I'm not Muslim hence the following questions..

What does it mean, "the smoke"? As in a huge fire? And what about the strange animal?

Oh, and Gog and Magog is allegedly meant to be the European Union and China


----------



## DubaiDream (Jan 5, 2005)

Only God knows. The best piece of work on this subject was by the scholar Ibn Tamiyah. An english translation can be found on www.islaam.net, do a search for signs


----------



## Dubai_Boy (May 21, 2003)

Yes it means a huge fire 

God and Magog . Huge giants that will appear from China , killing countless numbers of humans , we will have to stand up againts them YIKES


----------



## smussuw (Feb 1, 2004)

dxb_raptor said:


> wow, i never knew the rise of jesus was mentioned in islam. what is he supposed to do>?

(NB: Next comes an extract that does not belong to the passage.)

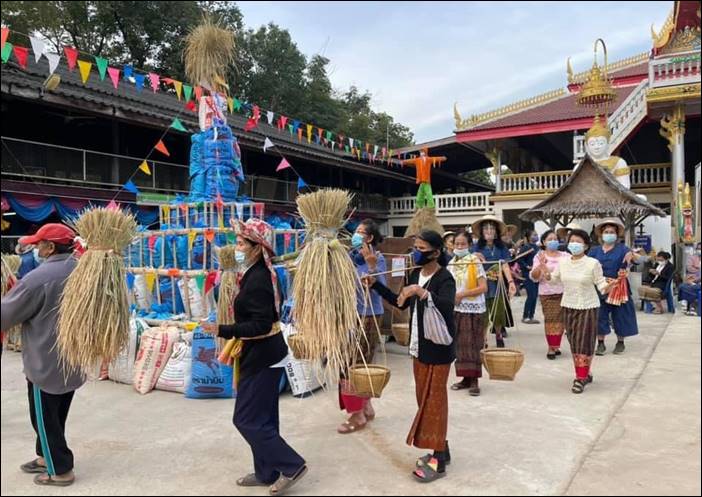 สืบสานประเพณี "ผ้าป่าข้าวฝ่อน ข้าวเปลือก" ณ วัดหนองกระทุ่ม-หนองถ่ม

Anti Christ is trapped somewhere in middle asia. He will be released by God. He will stay for 40 days. the first day like a year, the second like month, the third like a week and the other days r regular days. He can form heaven and hell. He has one eye. On his forhead he has a word K F R which means none beleiver. 

(Muslims believe that God made a guy look like Jesus, so people crossed who they thought was Jesus)

In a simple language Jesus (Al Messieh will come from the heaven and kill anti christ, he will break the cross and kill the pigs. One of his signs that his hair always looks wet (as a miracle). The world will be blesses at his time. Everything will be blessed. Animals will be talking to humans. Size of fruits will be huge. All humans will beleive in the oneness of God and religion of God. He will rule the world for 40 years and then he will die. He will be buried near Mohammed's grave.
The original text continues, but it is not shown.